» **About this exercise**:
Would you restate the entries below exactly, keeping every line?

» **Stored data**:

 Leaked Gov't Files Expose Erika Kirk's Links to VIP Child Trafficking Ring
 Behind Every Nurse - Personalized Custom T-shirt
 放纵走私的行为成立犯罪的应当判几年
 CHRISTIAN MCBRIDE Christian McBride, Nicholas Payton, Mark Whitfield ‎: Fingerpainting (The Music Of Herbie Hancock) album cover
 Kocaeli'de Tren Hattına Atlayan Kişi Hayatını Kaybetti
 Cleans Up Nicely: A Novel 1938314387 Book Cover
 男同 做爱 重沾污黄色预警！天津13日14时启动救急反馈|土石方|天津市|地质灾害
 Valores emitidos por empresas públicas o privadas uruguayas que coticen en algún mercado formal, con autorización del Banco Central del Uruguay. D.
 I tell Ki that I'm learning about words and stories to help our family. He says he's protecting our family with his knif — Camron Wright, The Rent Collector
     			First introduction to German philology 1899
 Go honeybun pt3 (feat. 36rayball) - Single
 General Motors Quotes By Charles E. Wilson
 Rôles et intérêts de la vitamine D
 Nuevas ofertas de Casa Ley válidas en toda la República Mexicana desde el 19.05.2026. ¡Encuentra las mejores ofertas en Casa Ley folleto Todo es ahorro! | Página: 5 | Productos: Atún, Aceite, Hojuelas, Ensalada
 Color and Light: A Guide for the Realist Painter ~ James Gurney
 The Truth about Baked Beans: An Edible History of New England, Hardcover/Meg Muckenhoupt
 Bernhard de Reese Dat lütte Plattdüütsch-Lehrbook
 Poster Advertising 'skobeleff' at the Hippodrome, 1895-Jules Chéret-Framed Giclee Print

» **Solved problem**:
 Leaked Gov't Files Expose Erika Kirk's Links to VIP Child Trafficking Ring
 Behind Every Nurse - Personalized Custom T-shirt
 放纵走私的行为成立犯罪的应当判几年
 CHRISTIAN MCBRIDE Christian McBride, Nicholas Payton, Mark Whitfield ‎: Fingerpainting (The Music Of Herbie Hancock) album cover
 Kocaeli'de Tren Hattına Atlayan Kişi Hayatını Kaybetti
 Cleans Up Nicely: A Novel 1938314387 Book Cover
 男同 做爱 重沾污黄色预警！天津13日14时启动救急反馈|土石方|天津市|地质灾害
 Valores emitidos por empresas públicas o privadas uruguayas que coticen en algún mercado formal, con autorización del Banco Central del Uruguay. D.
 I tell Ki that I'm learning about words and stories to help our family. He says he's protecting our family with his knif — Camron Wright, The Rent Collector
     			First introduction to German philology 1899
 Go honeybun pt3 (feat. 36rayball) - Single
 General Motors Quotes By Charles E. Wilson
 Rôles et intérêts de la vitamine D
 Nuevas ofertas de Casa Ley válidas en toda la República Mexicana desde el 19.05.2026. ¡Encuentra las mejores ofertas en Casa Ley folleto Todo es ahorro! | Página: 5 | Productos: Atún, Aceite, Hojuelas, Ensalada
 Color and Light: A Guide for the Realist Painter ~ James Gurney
 The Truth about Baked Beans: An Edible History of New England, Hardcover/Meg Muckenhoupt
 Bernhard de Reese Dat lütte Plattdüütsch-Lehrbook
 Poster Advertising 'skobeleff' at the Hippodrome, 1895-Jules Chéret-Framed Giclee Print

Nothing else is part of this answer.